10. kirbykirby Group Title

Ok so you want to maximize the area of the rectangle. The area of a rectangle is A=b*L (area=base*length). We know the perimeter of a rectangle is 2(b+L)=188. Since you want to maximize A, you want to express A with only one variable. So, you use the perimeter equation above and solve, for say L, and substitute the expression for L into your Area formula. So now you have an equation A = ... (which only has one variable "b"). So, know you just differentiate your function and setting it equal to 0 to find the critical points. Make sure you only consider actual physical values (if you get a negative value, for example, ignore it since you can't have a negative length).

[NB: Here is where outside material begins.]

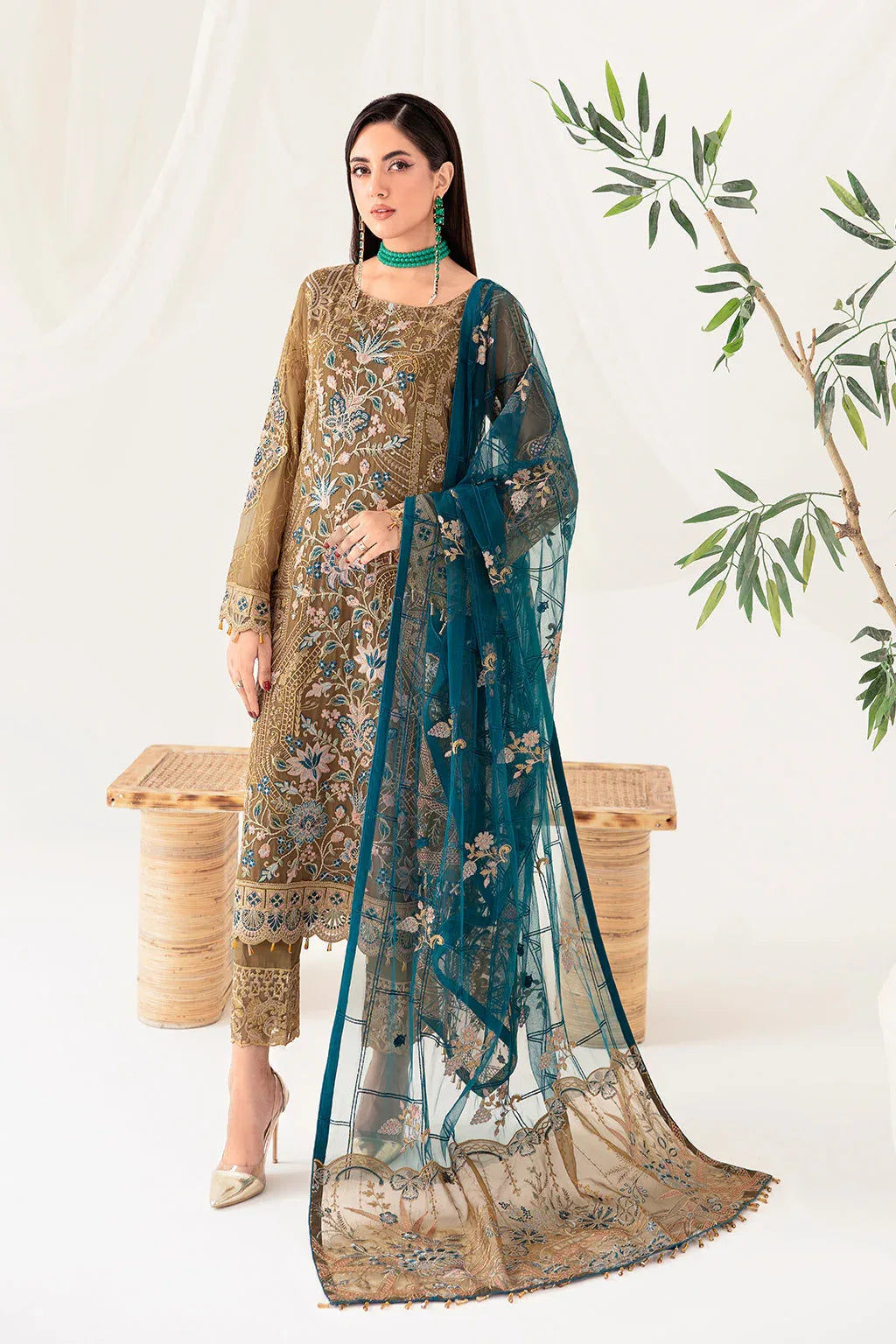 Ramsha | Rangoon Chiffon Collection 24 | D-1012 - Aqsa Fabrics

So, then you evaluate your function A = ... at the critical points and determine which value gives the largest value for A. This will be your maximum area.

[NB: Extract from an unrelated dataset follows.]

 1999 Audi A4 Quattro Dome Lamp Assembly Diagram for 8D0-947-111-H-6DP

11. kirbykirby Group Title

I hope that's clear :S

12. kirbykirby Group Title

It's funny you ask this question because I have a review assignment for another class based on first year calculus and the problem I am attacking now is an optimization problem as well :P

13. kirbykirby Group Title

Oh wait I partially answered the question... You are asking for the dimensions. So, the process I told you will let you find "b". So with that, you can plug is the value for b in the perimeter equation 2(b+L)=188 and solve for L to get the length

14. Tony.M Group Title

its very clear just hard to understand because i have ADD which makes it kind of hard to read everything without forgetting -_- im going to test it and post my answer can you tell me if im right?

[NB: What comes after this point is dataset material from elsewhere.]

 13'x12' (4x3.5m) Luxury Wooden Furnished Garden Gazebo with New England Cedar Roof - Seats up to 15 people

15. kirbykirby Group Title

Ok sure

16. Tony.M Group Title

i got 8,811 ft^2 ?

17. kirbykirby Group Title

Um I got 2209

18. Tony.M Group Title

:/ i went wrong somewhere

19. kirbykirby Group Title

If you think of it in a simple way, although this depends if your prof talked about it or not, but the greatest area rectangle you can get is always a square. So 188 = 4c (c = side of a square) so c = 47. So each side is 47 ft. The area of a square = c^2 = 47^2 = 2209

20. kirbykirby Group Title

Do you know how u got 8811?

21. Tony.M Group Title

thats what i just got 47X47 47; 2,209 ft2 :) i went back over your steps..maths so hard !

22. kirbykirby Group Title

Yay awesome :)!

23. Tony.M Group Title

one more favor ...can you help me simplify an expression? i pretty much got the rest

24. kirbykirby Group Title

Ok sure

25. Tony.M Group Title

4x^2y^7 over 24x^3y^4

26. kirbykirby Group Title

$\frac{ 4x^2y^7 }{ 24x^3y^4 }=\frac{ 1x^{2-3}*y^{7-4} }{ 6 }=\frac{ x^{-1}*y^{3} }{ 6 }=\frac{ y^{3} }{ 6x }$

27. Tony.M Group Title

THANKS SO MUCH! wish i could give you a million medals :)

28. kirbykirby Group Title

hm ok the numbers look small but it says x^(2-3) in the second "="

29. kirbykirby Group Title

:) No problem!